Although his technique was revolutionary, Pohl’s work could not help to produce complete genome sequences, as it required large amounts of starting material. The success of Sanger’s sequencing methodology ultimately led to Pohl abandoning research into DNA sequencing and moving onto other projects within biotechnology.

• Next Generation: Pyrosequencing, Mostafa Ronaghi, Mathias Uhlen, and Pȧl Nyŕen,1996

Pyrosequencing is a technique for sequencing DNA. It’s a solid-phase, bead-based method that allows automated DNA sequencing and is based on thermal cycling using four different dideoxynucleotides (ddNTPs) labeled with unique infrared fluorophores. This technology has dramatically improved sequencing efficiency and significantly reduced costs compared to other DNA sequencing technologies.

Pyrosequencing is a type of sequencing that uses polymerase chain reaction (PCR) to generate DNA sequences from single-stranded templates, which Dr. Paul Rothemund patented in 1996. Pyrosequencing can help determine longer stretches of DNA inexpensively and is particularly suited for high throughput applications such as next-generation sequencing. While pyrosequencers have not reached commercialization, their technology paved the way for subsequent sequencing methods.

• The 454 system- The First ‘Next-Generation’ Sequencing Platform In The Market

In 2005, The 454 system became available. 454’s first sequencer, which could handle only two megabases (Mb) of DNA at a time, sold for $400,000. While it was limited compared to today’s equipment and hard to use on its own, you would need two weeks of training to run it. It provided a crucial proof-of-concept that sequencing systems could be commercially viable.

Finally, it motivated both academics and companies to speed up their efforts. If other groups were going to beat them to market with next-generation sequencers, they needed to get cracking!

• Modern DNA Sequence Optimization Techniques; Third-Generation Sequencing Techniques

Third-generation sequencing is faster, more accurate, and more accessible than ever. The new technology offers researchers numerous advantages that could transform biological research as we know it. Here are seven crucial milestones in third-generation sequencing’s history that have helped bring us to where we are today.

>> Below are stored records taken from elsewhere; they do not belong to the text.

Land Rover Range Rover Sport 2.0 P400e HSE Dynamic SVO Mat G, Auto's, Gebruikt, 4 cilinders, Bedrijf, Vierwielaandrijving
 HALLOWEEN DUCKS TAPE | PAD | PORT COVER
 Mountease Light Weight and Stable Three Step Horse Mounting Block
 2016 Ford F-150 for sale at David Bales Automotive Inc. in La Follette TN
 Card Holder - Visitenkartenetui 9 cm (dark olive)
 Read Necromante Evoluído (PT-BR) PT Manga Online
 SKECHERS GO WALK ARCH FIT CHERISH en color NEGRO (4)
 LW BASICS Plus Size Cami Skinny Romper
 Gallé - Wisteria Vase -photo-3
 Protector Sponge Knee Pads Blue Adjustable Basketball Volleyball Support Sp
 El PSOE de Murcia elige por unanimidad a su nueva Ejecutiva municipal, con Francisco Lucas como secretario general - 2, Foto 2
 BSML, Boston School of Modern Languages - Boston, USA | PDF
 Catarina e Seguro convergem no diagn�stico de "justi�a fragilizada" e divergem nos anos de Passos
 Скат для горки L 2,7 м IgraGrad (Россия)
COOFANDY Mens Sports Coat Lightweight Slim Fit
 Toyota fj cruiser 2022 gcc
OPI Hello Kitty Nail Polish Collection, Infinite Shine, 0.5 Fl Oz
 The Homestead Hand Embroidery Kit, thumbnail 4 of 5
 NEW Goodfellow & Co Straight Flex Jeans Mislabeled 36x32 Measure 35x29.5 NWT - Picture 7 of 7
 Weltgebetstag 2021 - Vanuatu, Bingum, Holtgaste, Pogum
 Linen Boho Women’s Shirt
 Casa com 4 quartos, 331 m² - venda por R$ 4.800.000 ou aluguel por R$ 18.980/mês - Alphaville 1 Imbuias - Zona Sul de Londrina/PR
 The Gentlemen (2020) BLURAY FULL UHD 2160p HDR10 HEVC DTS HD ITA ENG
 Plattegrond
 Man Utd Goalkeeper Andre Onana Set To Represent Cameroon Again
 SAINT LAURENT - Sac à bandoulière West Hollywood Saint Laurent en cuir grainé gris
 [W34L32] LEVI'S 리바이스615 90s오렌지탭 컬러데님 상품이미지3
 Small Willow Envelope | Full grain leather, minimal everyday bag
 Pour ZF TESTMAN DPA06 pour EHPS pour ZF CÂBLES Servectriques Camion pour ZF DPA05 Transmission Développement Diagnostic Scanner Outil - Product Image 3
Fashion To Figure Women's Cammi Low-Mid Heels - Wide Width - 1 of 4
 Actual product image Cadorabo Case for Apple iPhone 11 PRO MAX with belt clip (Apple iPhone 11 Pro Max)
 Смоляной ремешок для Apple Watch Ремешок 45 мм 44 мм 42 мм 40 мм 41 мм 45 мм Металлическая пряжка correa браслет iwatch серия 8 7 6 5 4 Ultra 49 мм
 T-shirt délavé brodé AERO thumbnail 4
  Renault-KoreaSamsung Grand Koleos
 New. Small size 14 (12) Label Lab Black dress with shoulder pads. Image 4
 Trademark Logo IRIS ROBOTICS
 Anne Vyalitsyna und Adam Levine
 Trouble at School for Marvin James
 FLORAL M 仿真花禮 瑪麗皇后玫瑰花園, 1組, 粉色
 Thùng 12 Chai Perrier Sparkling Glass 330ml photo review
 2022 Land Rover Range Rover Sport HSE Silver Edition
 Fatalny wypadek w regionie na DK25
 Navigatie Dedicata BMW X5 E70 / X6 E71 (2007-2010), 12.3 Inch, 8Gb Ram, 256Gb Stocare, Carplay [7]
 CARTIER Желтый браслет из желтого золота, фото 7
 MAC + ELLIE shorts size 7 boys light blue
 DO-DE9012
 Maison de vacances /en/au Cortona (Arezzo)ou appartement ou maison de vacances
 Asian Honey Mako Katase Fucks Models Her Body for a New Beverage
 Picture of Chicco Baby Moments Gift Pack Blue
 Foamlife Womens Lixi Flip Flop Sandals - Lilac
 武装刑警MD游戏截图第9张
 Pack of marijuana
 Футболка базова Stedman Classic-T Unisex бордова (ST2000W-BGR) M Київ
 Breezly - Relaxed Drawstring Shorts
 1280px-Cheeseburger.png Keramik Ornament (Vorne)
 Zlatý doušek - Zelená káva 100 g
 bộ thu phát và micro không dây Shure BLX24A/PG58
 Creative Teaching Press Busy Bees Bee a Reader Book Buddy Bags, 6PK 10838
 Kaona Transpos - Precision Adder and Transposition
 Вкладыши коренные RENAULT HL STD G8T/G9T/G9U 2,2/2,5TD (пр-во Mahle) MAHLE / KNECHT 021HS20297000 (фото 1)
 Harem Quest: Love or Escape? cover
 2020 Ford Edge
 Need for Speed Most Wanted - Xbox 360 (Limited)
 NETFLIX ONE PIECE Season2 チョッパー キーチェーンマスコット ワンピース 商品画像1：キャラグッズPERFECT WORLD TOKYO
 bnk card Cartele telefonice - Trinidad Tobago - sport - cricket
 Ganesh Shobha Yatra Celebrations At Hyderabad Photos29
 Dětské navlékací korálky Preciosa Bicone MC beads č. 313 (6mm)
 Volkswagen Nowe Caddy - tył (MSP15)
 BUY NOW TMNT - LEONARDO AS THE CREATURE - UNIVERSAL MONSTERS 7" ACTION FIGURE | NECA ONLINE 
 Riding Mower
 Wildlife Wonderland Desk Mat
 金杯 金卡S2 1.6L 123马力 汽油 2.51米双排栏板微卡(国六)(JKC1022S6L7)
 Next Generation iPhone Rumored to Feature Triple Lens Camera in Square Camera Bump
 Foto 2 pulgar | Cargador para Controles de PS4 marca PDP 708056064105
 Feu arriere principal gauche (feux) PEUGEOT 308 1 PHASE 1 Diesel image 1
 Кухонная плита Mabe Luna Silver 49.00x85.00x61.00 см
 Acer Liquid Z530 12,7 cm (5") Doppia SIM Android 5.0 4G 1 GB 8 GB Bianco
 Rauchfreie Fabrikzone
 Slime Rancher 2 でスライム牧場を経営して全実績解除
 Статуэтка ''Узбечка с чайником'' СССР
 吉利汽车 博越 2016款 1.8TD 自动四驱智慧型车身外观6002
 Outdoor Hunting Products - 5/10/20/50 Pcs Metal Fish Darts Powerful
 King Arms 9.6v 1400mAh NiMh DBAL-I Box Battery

Modern sequencing involves a lot more than extracting DNA from your cells, cutting it up into smaller chunks, and running it through a massive slab of chemicals to determine what’s inside. Today, researchers use many computer methods to try and optimize their sequencing process so they can analyze more significant quantities of information faster and more efficiently.

Solexa/Illumina-2007 NGS Technology: One of the most modern processes currently available for genome sequencing. With machines such as these utilizing NGS technology, it’s possible to generate new DNA sequences in 24 hours with accuracy rates between 80% and 99%.

SOLiD System: In contrast to Solexa/Illumina’s 96-well plate setup, which requires you to perform multiple steps across several plates at once—the HiSeq 2500 uses a single 384-well sample-in-one-tube method. Other third-generation sequencing techniques include;

Conclusion

DNA sequencing is a significant scientific achievement that has shaped our world. Without it, we wouldn’t have many of our modern inventions. What’s more, its influence will only grow as scientists learn to read genomes with increasing speed and accuracy. Scientists expect to sequence millions—or billions—of genomes over the next decade or two. PacBio RS DNA sequencing identified mutations that enabled researchers to create high-performing vaccines for viruses like Dengue and Hepatitis C. As demand for single-molecule DNA sequencing continues to grow, research efforts will aim to improve these promising technologies. The possibilities are endless! So get out there and explore genetics; who knows what kinds of amazing things you might reveal.